TASK:
Each line below must be reproduced exactly, though the pictures are to be dropped.

COLLECTED DATA:
-------
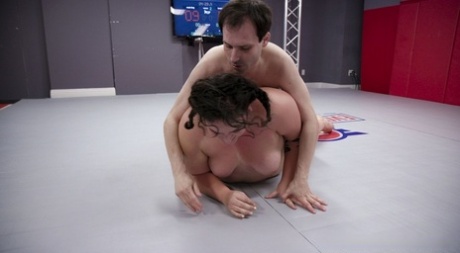 Chubby wrestler Mimosa analizes a male loser with her strapon dildo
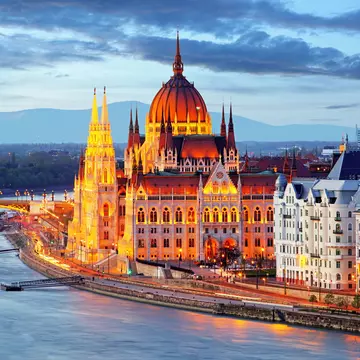 Hungarian Parliament Building illuminated at night.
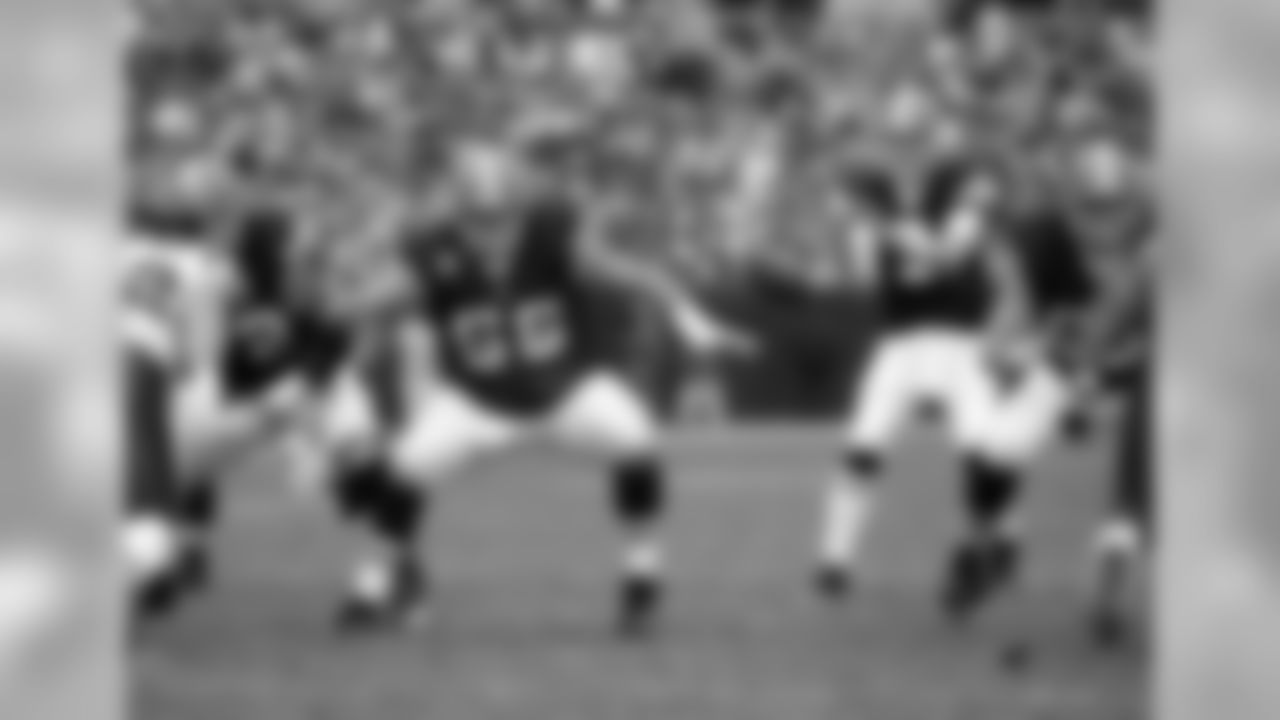 Center Hank Fraley #66 of the Cleveland Browns pass blocks during the game against the Houston Texans on November 25, 2007 at Cleveland Browns Stadium in Cleveland, Ohio. The Browns defeated the Texans 27-17. (AP Photo/Paul Spinelli)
-------
EXPECTED ANSWER:
 Chubby wrestler Mimosa analizes a male loser with her strapon dildo
 Hungarian Parliament Building illuminated at night.
 Center Hank Fraley #66 of the Cleveland Browns pass blocks during the game against the Houston Texans on November 25, 2007 at Cleveland Browns Stadium in Cleveland, Ohio. The Browns defeated the Texans 27-17. (AP Photo/Paul Spinelli)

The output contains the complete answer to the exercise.